Materials provided -
>>>
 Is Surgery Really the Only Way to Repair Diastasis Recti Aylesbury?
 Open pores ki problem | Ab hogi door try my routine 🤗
<<<
>>>
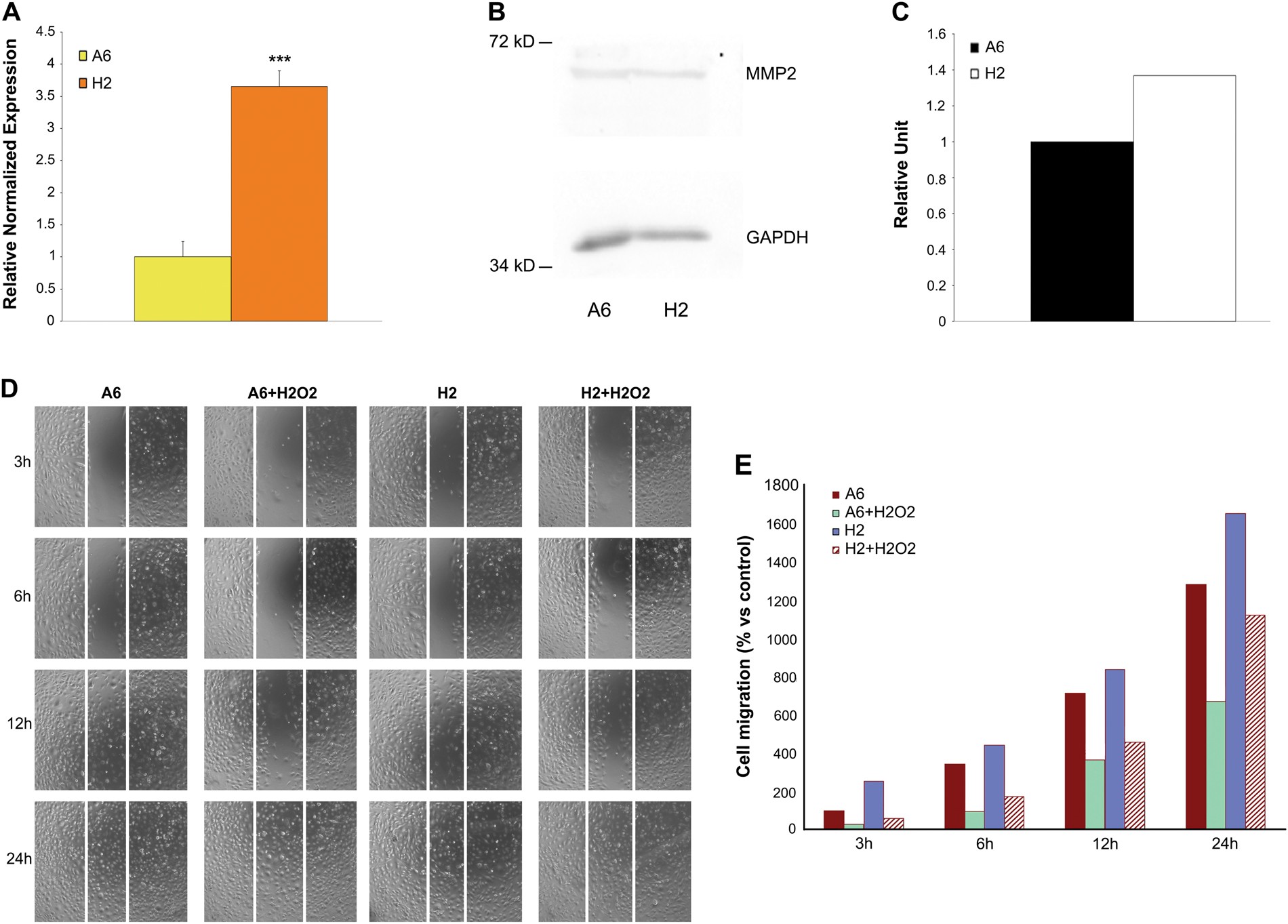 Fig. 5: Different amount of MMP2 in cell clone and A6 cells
<<<
How to complete this task - Restate word for word the entries above from the line with "Is Surgery Really" through the line with "Open pores ki", inclusive, leaving out everything else.

Written response -
 Is Surgery Really the Only Way to Repair Diastasis Recti Aylesbury?
 Open pores ki problem | Ab hogi door try my routine 🤗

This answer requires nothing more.